EXERCISE AIM: In the material below, find every line with "Heavy" and pull it out.

*** DATA FOR PROCESSING ***

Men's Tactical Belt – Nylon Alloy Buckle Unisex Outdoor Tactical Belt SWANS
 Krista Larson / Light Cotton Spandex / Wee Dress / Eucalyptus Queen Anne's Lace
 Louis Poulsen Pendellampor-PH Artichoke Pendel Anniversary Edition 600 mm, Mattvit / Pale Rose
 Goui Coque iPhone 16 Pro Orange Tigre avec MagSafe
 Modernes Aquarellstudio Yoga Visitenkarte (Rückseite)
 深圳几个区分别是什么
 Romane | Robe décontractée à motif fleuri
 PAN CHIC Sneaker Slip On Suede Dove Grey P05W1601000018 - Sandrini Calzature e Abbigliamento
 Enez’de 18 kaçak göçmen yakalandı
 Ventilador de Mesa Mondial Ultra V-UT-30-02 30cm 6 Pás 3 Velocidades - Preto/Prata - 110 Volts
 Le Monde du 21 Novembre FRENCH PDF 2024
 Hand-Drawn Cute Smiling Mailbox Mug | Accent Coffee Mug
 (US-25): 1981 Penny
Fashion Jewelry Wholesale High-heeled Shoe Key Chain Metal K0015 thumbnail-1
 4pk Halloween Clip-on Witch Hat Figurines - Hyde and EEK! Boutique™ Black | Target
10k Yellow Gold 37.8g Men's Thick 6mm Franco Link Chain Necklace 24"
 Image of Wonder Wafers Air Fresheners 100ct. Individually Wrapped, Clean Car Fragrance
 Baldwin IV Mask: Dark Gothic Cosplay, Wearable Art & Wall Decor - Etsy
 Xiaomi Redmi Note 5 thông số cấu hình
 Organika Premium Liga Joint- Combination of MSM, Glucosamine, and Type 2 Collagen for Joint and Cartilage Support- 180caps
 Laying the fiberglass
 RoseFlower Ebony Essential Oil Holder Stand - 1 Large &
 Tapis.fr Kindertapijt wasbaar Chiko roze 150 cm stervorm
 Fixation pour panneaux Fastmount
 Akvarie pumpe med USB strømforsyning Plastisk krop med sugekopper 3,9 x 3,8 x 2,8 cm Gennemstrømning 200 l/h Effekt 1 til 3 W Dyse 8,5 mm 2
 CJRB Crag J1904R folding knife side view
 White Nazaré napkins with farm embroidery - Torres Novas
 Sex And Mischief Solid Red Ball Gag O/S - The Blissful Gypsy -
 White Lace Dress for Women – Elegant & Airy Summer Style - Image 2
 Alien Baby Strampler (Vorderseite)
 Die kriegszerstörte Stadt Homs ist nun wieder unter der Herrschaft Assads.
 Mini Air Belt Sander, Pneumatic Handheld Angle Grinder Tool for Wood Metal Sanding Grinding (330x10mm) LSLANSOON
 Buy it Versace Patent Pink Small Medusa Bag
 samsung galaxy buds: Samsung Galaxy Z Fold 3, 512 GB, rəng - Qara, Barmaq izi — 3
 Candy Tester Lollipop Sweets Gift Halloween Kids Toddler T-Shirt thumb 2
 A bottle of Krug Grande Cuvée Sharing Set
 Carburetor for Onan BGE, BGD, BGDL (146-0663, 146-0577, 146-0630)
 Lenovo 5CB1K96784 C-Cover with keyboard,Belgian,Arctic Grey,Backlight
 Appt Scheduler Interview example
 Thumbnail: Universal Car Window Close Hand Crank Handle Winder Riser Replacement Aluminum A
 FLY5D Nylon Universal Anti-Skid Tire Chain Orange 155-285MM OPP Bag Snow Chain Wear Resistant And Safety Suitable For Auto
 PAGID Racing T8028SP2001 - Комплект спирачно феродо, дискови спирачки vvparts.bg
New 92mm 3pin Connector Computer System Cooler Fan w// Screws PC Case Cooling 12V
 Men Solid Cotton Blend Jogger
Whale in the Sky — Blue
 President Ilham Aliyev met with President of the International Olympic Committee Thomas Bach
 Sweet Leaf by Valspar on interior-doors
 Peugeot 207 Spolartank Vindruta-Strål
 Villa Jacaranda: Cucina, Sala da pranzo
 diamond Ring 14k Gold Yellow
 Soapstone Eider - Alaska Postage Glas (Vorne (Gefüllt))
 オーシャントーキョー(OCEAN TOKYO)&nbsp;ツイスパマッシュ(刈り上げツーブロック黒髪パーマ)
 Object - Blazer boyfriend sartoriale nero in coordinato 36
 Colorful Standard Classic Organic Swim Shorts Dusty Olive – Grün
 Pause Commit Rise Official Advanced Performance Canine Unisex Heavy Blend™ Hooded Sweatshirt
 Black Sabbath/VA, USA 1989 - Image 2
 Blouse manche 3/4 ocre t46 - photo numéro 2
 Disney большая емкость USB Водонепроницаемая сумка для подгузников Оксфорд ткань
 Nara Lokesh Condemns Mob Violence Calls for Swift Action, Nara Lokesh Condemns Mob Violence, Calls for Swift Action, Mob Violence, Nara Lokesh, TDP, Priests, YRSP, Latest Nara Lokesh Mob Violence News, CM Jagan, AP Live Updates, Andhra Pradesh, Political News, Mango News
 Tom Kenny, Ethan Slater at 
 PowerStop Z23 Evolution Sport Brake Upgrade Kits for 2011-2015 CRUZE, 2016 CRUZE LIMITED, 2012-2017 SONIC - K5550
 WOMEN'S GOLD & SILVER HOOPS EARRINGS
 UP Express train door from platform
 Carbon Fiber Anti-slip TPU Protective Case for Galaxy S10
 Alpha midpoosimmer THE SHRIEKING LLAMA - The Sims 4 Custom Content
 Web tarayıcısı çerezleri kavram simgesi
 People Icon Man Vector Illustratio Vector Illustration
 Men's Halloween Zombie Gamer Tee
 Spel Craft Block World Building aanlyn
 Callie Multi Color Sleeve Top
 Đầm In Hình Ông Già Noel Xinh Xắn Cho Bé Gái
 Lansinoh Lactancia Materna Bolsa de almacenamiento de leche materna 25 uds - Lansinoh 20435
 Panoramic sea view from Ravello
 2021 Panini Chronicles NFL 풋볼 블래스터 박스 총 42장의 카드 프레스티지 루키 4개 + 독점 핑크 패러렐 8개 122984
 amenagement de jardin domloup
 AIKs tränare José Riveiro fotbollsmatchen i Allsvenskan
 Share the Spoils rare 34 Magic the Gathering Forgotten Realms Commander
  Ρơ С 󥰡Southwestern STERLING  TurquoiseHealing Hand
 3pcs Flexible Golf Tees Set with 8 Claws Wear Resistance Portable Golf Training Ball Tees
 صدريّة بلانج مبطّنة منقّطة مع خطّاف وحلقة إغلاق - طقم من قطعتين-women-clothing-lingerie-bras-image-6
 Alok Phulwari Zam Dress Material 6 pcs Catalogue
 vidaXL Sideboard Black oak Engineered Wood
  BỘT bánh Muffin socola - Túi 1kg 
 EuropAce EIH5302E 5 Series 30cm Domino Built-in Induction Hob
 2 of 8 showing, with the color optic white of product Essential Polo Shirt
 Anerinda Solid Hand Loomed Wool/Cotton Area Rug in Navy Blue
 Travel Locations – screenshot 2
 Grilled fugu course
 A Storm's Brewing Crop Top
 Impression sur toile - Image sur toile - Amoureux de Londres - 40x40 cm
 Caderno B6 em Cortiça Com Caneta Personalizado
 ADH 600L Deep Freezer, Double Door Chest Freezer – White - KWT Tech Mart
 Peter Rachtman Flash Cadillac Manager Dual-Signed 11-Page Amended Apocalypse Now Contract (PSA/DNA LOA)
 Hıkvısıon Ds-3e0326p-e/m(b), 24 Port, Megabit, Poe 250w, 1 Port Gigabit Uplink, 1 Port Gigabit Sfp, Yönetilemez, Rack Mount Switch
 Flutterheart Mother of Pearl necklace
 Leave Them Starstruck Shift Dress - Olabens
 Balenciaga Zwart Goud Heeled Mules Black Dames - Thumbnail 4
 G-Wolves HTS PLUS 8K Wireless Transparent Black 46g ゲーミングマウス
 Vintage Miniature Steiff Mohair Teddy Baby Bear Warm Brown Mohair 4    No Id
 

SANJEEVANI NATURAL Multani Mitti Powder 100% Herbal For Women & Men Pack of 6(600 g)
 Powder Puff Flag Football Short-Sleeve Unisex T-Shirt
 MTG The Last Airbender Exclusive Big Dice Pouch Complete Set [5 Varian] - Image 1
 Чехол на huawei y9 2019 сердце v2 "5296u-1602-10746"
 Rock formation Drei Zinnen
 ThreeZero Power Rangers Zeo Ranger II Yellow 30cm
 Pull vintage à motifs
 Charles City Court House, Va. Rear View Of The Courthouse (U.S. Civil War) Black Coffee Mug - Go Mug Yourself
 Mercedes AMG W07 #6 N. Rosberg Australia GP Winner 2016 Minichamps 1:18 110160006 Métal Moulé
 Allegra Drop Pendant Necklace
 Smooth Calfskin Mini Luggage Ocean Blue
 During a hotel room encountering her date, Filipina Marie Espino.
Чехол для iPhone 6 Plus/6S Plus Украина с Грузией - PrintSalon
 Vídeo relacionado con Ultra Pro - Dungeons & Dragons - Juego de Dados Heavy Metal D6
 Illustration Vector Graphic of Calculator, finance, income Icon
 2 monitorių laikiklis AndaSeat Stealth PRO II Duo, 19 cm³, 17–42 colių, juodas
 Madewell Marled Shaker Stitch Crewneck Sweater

*** End of DATA FOR PROCESSING ***

THE ANSWER:
 Pause Commit Rise Official Advanced Performance Canine Unisex Heavy Blend™ Hooded Sweatshirt
 Vídeo relacionado con Ultra Pro - Dungeons & Dragons - Juego de Dados Heavy Metal D6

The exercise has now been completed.